20) Ceux dont vous avez vu tous les films sans exception ?

Maurice Pialat, Lars Von Trier, Corneliu Porumboiu, Andreï Tarkovksi, Nanni Moretti, Michelangelo Antonioni, Mike Leigh, et d’autres enfouis certainement dans un repli mémoriel. Je n’ai pas encore vu tous les Bellocchio (la pourpre de la honte monte à mes joues…), et je ne suis pas sûr que le confinement dure assez longtemps pour que la télévision me permette de clore le chapitre “Claude Zidi” de ma vie.

21) Et ceux qui sont pour vous encore une “terra incognita” ?

La liste serait aussi longue que déprimante pour le lecteur ou la lectrice cinéphile que vous êtes. Dites-vous que je n’ai pas vu votre film préféré – et conservez en vous la joie incommensurable de la découverte par autrui de votre trésor personnel.

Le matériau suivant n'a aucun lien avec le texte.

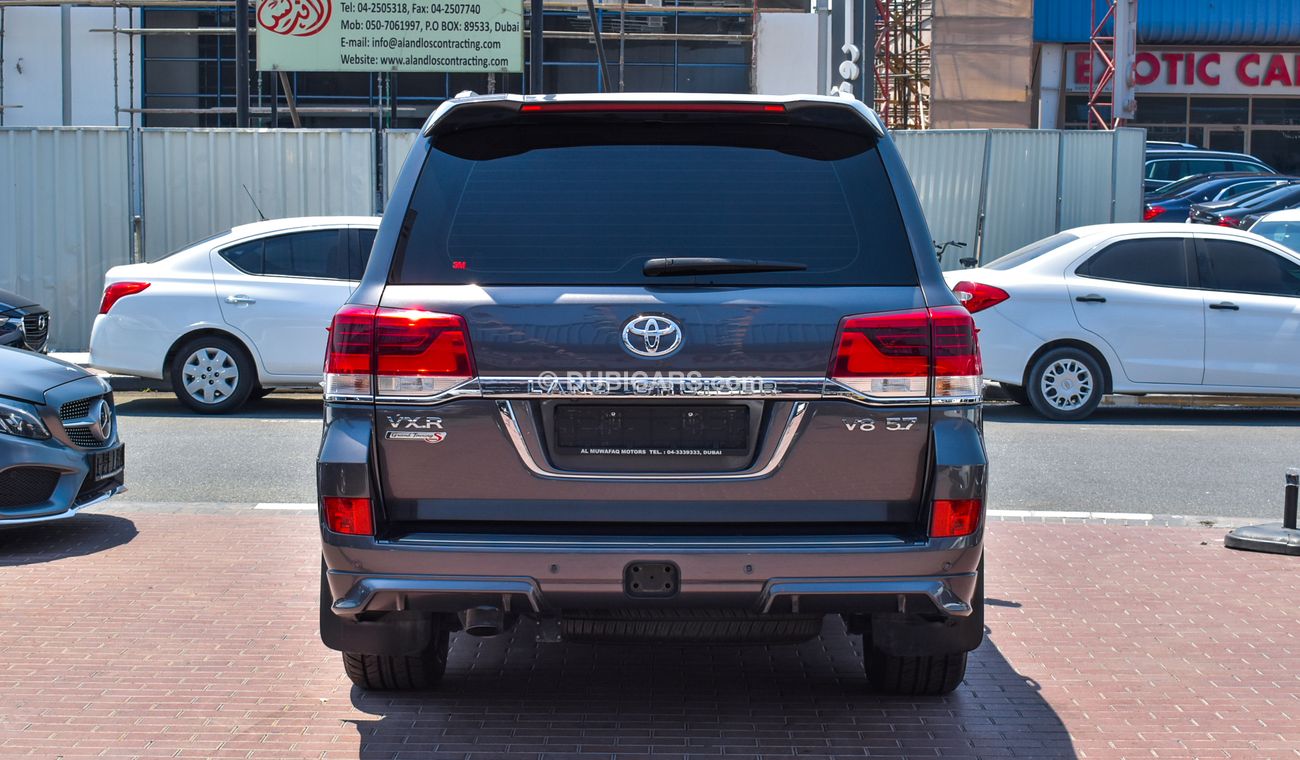 Toyota Land Cruiser VXR Grand Touring V8 5.7L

22) Si vous pouviez adapter au cinéma un livre, un essai, un poème, quel serait-il ?

Je ne sais pas quel ouvrage je voudrais adapter, peut-être Le bonheur des tristes de Luc Dietrich, ou La fièvre des polders d’Henri Calet, ou encore u e variation expérimentale autour d’Espèces d’espaces de Georges Perec (avec la volonté d’employer à contre-emploi Stéphane Plaza, dans un film d’horreur où son œil – littéralement – glisserait d’une chambre à une autre…).

23) Et s’il ne devait rester qu’une scène, qu’un film, qu’un mot, qu’un geste du cinéma ?

Une tasse de café, une nouvelle cosmogonie, un chuchoteur à la langue de feu.

Je me sens tout petit et immensément grand devant cette scène de Deux ou trois choses que je sais d’elle.